People are mostly focused on earnings and trade, but let’s not forget that we’re just two weeks out from a Fed meeting (see more below). The futures market predicts high odds of a third-consecutive 25-basis point easing, and from a market perspective, you never want to underestimate the importance of rate cuts.
On the other hand, the Fed funds rate is already pretty low, so it’s unclear how much another cut after that would be able to juice the economy, and also whether that would lead to any stock market impact. At this point, earnings arguably could play a bigger role than the Fed in determining where the market goes.

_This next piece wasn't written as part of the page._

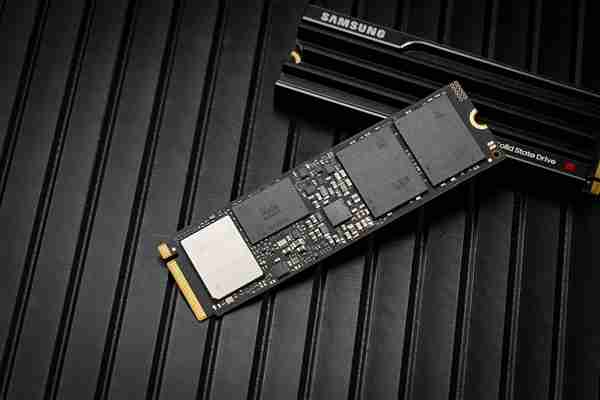 三星9100 PRO 8TB固态硬盘评测 “海纳百川”全程高能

FIGURE 1: WHAT YOU SEE... Isn’t always what you get. This three month chart of the dollar index (DXY-candlestick) might have you thinking that the greenback is shy about approaching the 100 level. It hasn’t hit 100 in nearly three years. However, a technical pattern that’s easily seen here could be described as bullish, with higher highs and higher lows over the last few months. This could mean more strength ahead, though the last two days could signal a breakout below the lower channel. Data Source: ICE. Chart source: The thinkorswim® platform from TD Ameritrade. For illustrative purposes only. Past performance does not guarantee future results.

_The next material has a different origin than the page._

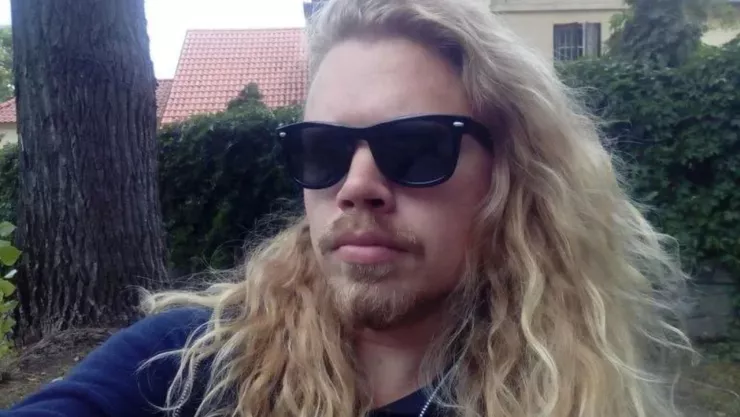 Él es Jonathan, el donador de esperma demandado por tener 550 hijos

The “Un-Inversion:” Remember those old soft drink ads about the “Un-Cola?” Well, now we have the “un-inversion” in bonds, and that’s arguably a good sign for the economy and the market. The 10-year Treasury yield finally pulled ahead of the three-month yield on Friday, ending a period of inversion that had gone on for months. At this point, it looks like the Fed’s short-term Treasury purchases announced earlier this month could be helping create a positive lift for the yield curve. That’s possibly good news for the Financial sector as bank earnings get underway today and continue this week. A flatter curve can compress profits for the industry. Bond trading was closed Monday, so we’ll see if the relationship continues to move away from inversion starting today.
But What About the Fed? Assuming trade news ends up being positive, one question people might start asking is what this means for the Fed. Chances of a rate cut later this month are still near 70% in the futures market, which arguably means they’re pretty much baked in. Typically, but not always, the market being at levels like this indicates high chances of the Fed doing what investors expect. The thing that’s harder to predict is whether the Fed sees a need for a fourth 2019 rate cut before the end of the year.
Some of it depends on the data, but if the market continues to rally based on the China news, that could also turn into a factor. As of late Monday, chances for another rate cut in December were just 25%, down from around 37% just a week earlier. Some analysts say whatever happens on trade, the Fed might want to wait after cutting rates three meetings in a row (assuming it does that this month) to see how the cumulative 75-basis point easing works its way through the economy. Generally, the impact of rate cuts takes a while to have an impact, especially on inflation. We’ll have to wait and see, but a December punt is what the futures market suggests now.
Riding the Consumer Wave: The Consumer Discretionary sector is up slightly over the last week and more than 21% year-to-date. Some of this exuberance might reflect that at least in the near-term, it seems unlikely that customers will stop their spending. Last Friday’s better-than-expected Michigan sentiment report backs up the idea that people are out there buying, but earnings season could tell us a lot more. People are employed and when they are employed they tend to spend money. Heading into the holiday season, it’s hard to see why consumer demand would slow, barring some disaster.